CSV file with station coordinates


In [ ]:
locations = pd.read_csv("../data/lyon-stations.csv")

In [ ]:
locations.shape

Some stations were removed when the data were cleaned up. Remove them from the location data.


In [ ]:
mask = locations['idstation'].isin(result.station.unique())

In [ ]:
mask.sum()

In [ ]:
locations = locations[mask]

In [ ]:
locations = locations.rename_axis({'idstation': 'station'}, axis=1)

In [ ]:
locations.head()

Some station names contains the ' character. Replace it by the HTML code for folium.


In [ ]:
locations["nom"] = locations['nom'].str.replace("'", "&apos;")

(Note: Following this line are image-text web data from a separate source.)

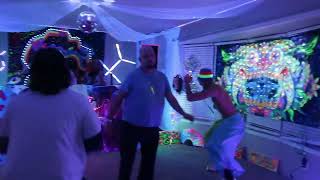 Bad Feat Chynna Chris Lorenzo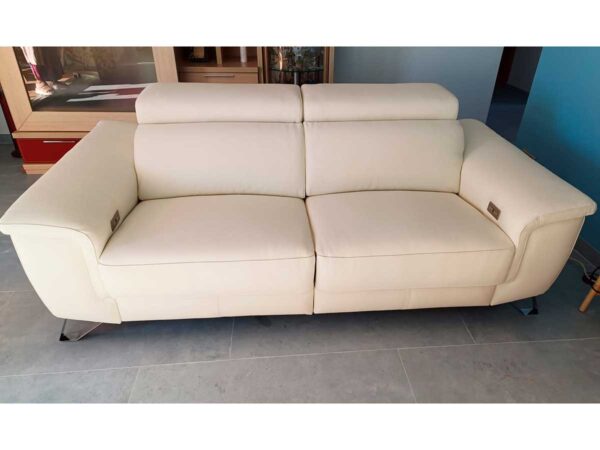 sofa piel namia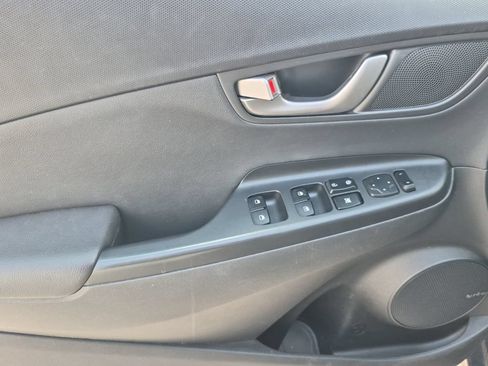 Used 2020 Hyundai Kona Ultimate AWD/4WD image 11
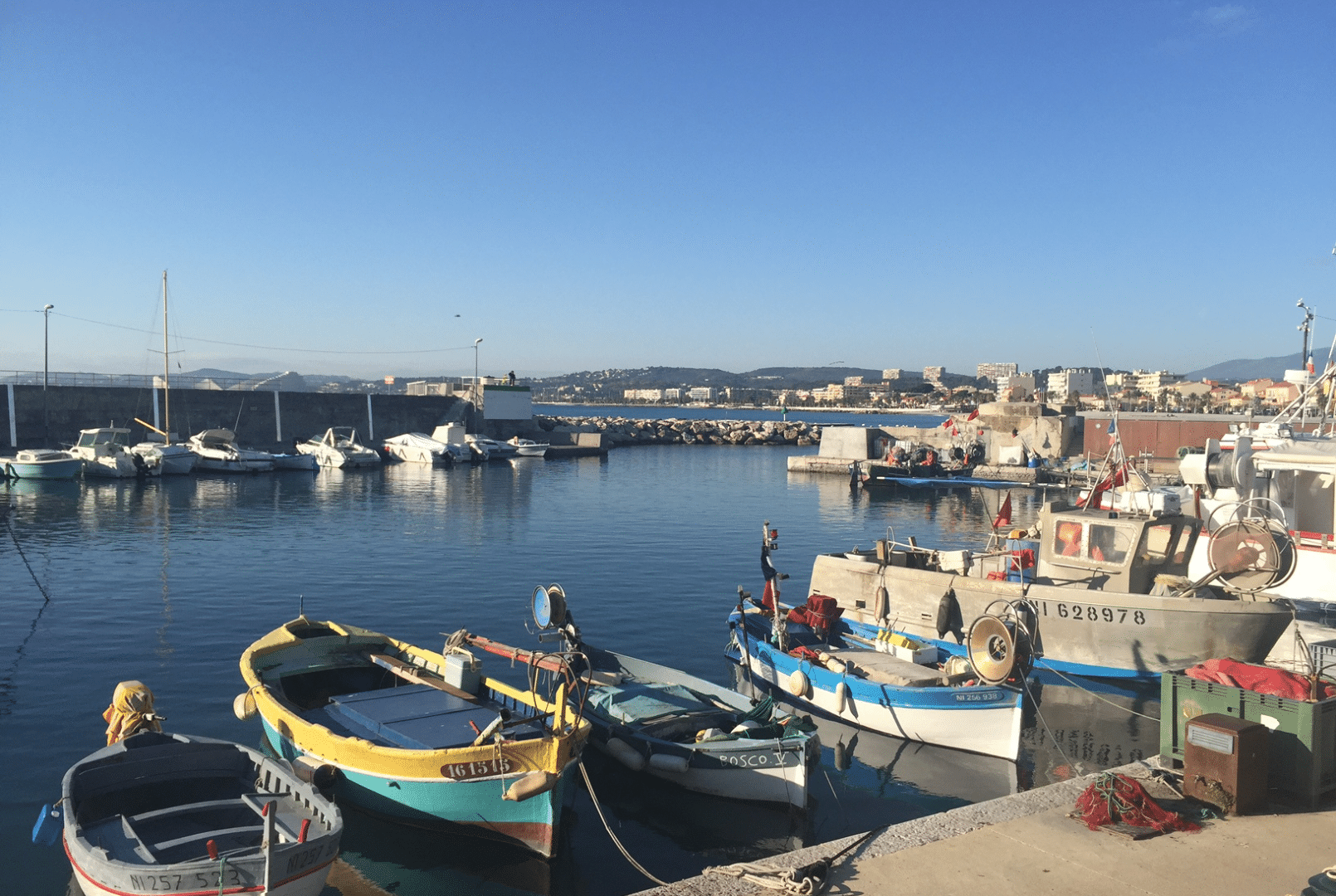 Investissement immobilier locatif investir rendement Nice Cannes Antibes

Select the prediction data for a specific timestamp


In [ ]:
data_to_plot = result.loc[predict_date]

In [ ]:
data_to_plot.shape

In [ ]:
data_to_plot.head()

In [ ]:
yhat = data_to_plot[['station', 'prediction']].merge(locations, on='station')
yhat.head()

In [ ]:
y = data_to_plot[['station', 'observation']].merge(locations, on='station')

In [ ]:
error = data_to_plot[['station', 'error']].merge(locations, on='station')

In [ ]:
colormap = 'RdYlBu'
cmap = plt.get_cmap(colormap)

In [ ]:
# show the colormap use to plot the stations, values [0, 1]
gradient = np.linspace(0, 1, 256)
gradient = np.vstack((gradient, gradient))
fig, ax = plt.subplots(1)
fig.subplots_adjust(top=0.95, bottom=0.80, left=0.2, right=0.99)
ax.set_xticks([0., 64, 128, 192, 256])
ax.set_xticklabels([0., 0.25, 0.5, 0.75, 1.])
ax.set_xlabel('Bikes Availability')
ax.imshow(gradient, aspect='auto', cmap=cmap, vmin=0, vmax=1)
plt.title('Colormap used to plot stations')
  • Red stations if there are 0 or a few available bikes
  • Blue stations if there are several available bikes

In [ ]:
color = lambda x: mpl.colors.to_hex(cmap(x))

In [ ]:
# Lyon (France) Position
position = [45.750000, 4.850000]

In [ ]:
mp_pred = folium.Map(location=position, zoom_start=13, tiles='cartodbpositron')

In [ ]:
# Map of the predicted values
for _,row in yhat.iterrows():
    folium.CircleMarker(
        location=[row['lat'], row['lon']],
        radius=2,
        popup=row['nom'],
        color=color(row['prediction']),
        fill=True,
        fill_opacity=0.3,
        fill_color=color(row['prediction'])
    ).add_to(mp_pred)

In [ ]:
mp_pred

In [ ]:
# Map for the observation
mp_obs = folium.Map(location=position, zoom_start=13, tiles='cartodbpositron')

In [ ]:
# Map of the observations
for _,row in y.iterrows():
    folium.CircleMarker(
        location=[row['lat'], row['lon']],
        radius=2,
        popup=row['nom'],
        color=color(row['observation']),
        fill=True,
        fill_opacity=0.3,
        fill_color=color(row['observation'])
    ).add_to(mp_obs)

In [ ]:
mp_obs

In [ ]:
# Colormap for error (by default, the color map fits for [0, 1] values)
norm = mpl.colors.Normalize(vmin=-1, vmax=1)
color_error = lambda x: mpl.colors.to_hex(cmap(norm(x)))

In [ ]:
# Map for the errors
mp_error = folium.Map(location=position, zoom_start=13, tiles='cartodbpositron')

In [ ]:
# Map of the errors
for _,row in error.iterrows():
    folium.CircleMarker(
        location=[row['lat'], row['lon']],
        radius=2,
        popup=row['nom'],
        color=color_error(row['error']),
        fill=True,
        fill_opacity=0.3,
        fill_color=color_error(row['error'])
    ).add_to(mp_error)

In [ ]:
mp_error